MENIMBANG KAIDAH HUKUM ASAL MUAMALAH
MENIMBANG KAIDAH FIKIH
“HUKUM ASAL MU’AMALAH ADALAH MUBAH”
Wahyudi Ibnu Yusuf (Mahasiswa S-3
Ilmu Syariah UIN Antasari Banjarmasin)
A.
PENDAHULUAN
Kaidah fikih adalah hukum umum yang dirumuskan dari hukum-hukum
fikih yang serupa sehingga dapat diterapkan pada kasus dan cabang yang berbeda
dalam lingkup atau cakupan yang sama. Pada hakikatnya kaidah fikih digali
berdasarkan dalil-dalil syariat karena hukum-hukum fikih yang diistinbath para
mujtahid haruslah bersandar pada dalil-dalil syariat.
Di antara kaidah fikih yang dirumuskan oleh para ulama adalah
kaidah hukum asal muamalah. Menurut Dr. Nayif bin Jam’an al Jaridan, ada 3
kelompok pendapat mengenai hukum asal mu’amlah. Menurut beliau, jumhur ulama
berpendapat bahwa hukum asal mu’amalah adalah mubah (boleh) sebelum ada dalil
yang mengharamkannya. Sebagian ulama lain menyatakan bahwa hukum asal muamalah
adalah haram sebelum ada dalil yang membolehkannya. Sedang ulama lain
menyatakan tawaqquf, artinya hukum asal mu’amalah tidak ditentukan mubah
atau haram namun bergantung pada dalil untuk masih-masing akad-akad mu’amalah[1]. Makalah
ini hanya memfokuskan pada kajian terhadap pendapat yang menyatakan bahwa hukum
asal muamalah adalah mubah.
Secara lengkap kaidah ini dituliskan oleh Dr. Abdurrahman bin
Shalih dengan redaksi:
الأصل في المعاملات
الجواز و الصحة ولا يحرم منها إلا ما ورد الشرع بتحريمه و إبطاله
Hukum asal dalam mu’amalah adalah boleh dan sah serta tidak haram,
terkecuali terdapat dalil syariat yang mengharamkan dan membatalkannya[2].
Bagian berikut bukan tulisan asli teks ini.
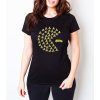 Woman tshirt black Kolo vs. auto kdo vyhraje? Vtipný Pac‑Man motiv
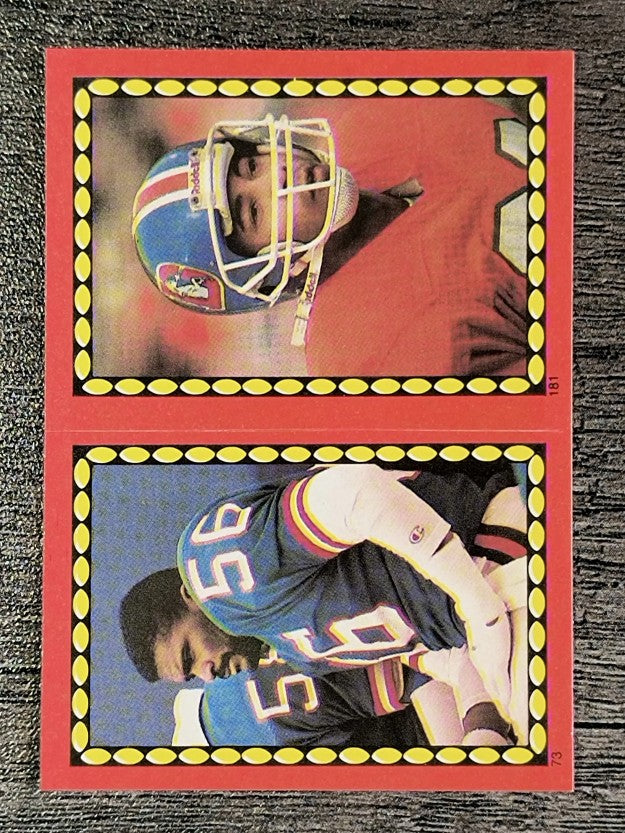 1988 Topps Stickers #73 Lawrence Taylor/ 181 Vance Johnson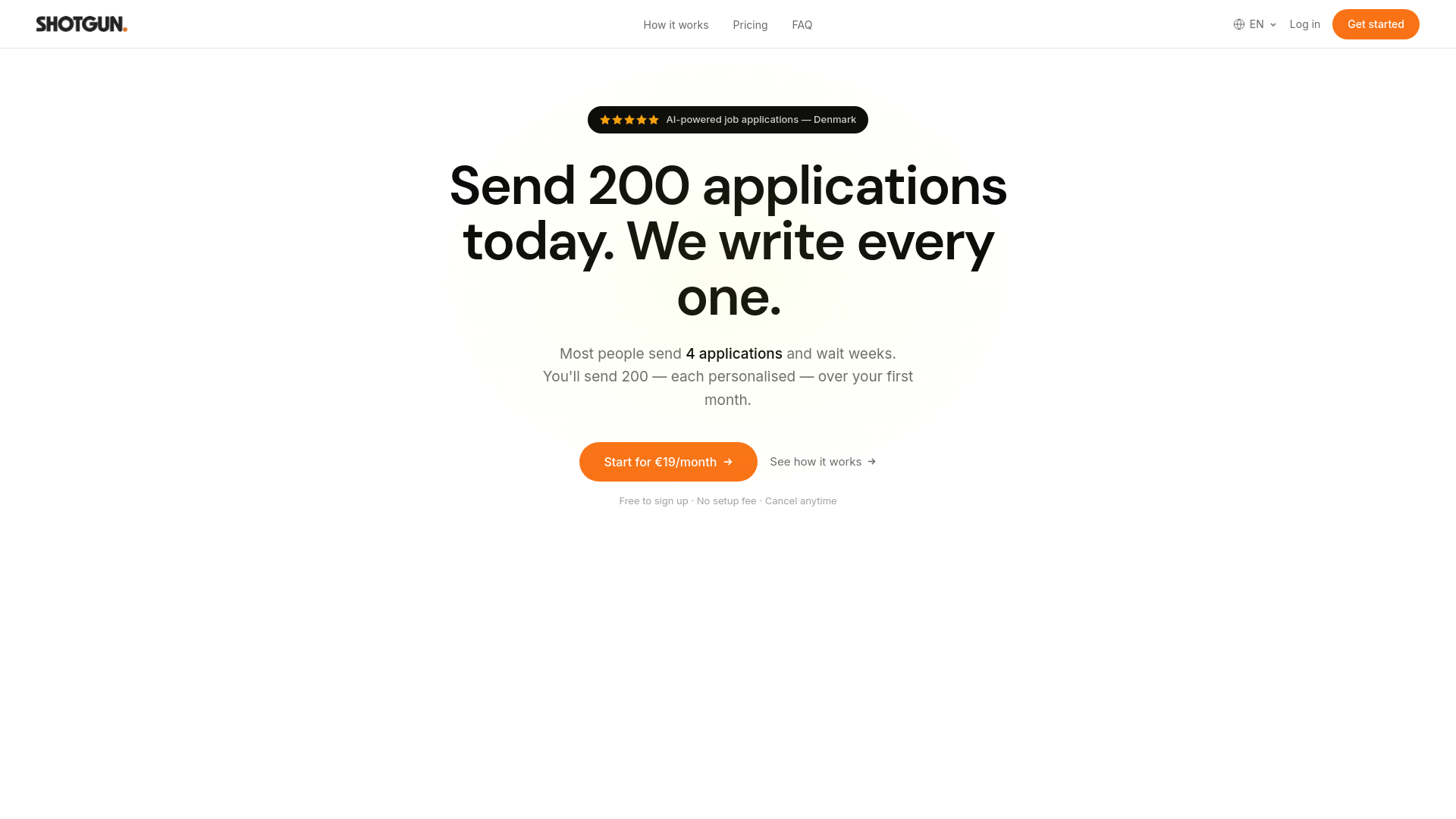 website screenshot of https://shotgunrecruitmentdk.com/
Masih menurut Dr. Abdurrahman bin Shalih, ini adalah pendapat yang
dipilih oleh Az Zaila’i ulama madzhab Hanafi, Imam Asy Syathibi ulama madzhab
Maliki, Ibnu Taimiyah dan muridnya Imam Ibnul Qayyim keduanya ulama madzhab
Hanbali. Di dalam kitab Mausu’ah al Qawa’id al Fiqhiyah al Munazhamah lil
Mu’amalati al Maliyah karya syaikh Athiyah ‘Id bin Athiyah Ramadhan juga
dikutip pendapat Imam Syafi’i dan Imam Ibnu ‘Abdil Barr ulama madzhab Maliki.
Yang disimpulkan bahwa dua ulama ini menguatkan kaidah ini[3].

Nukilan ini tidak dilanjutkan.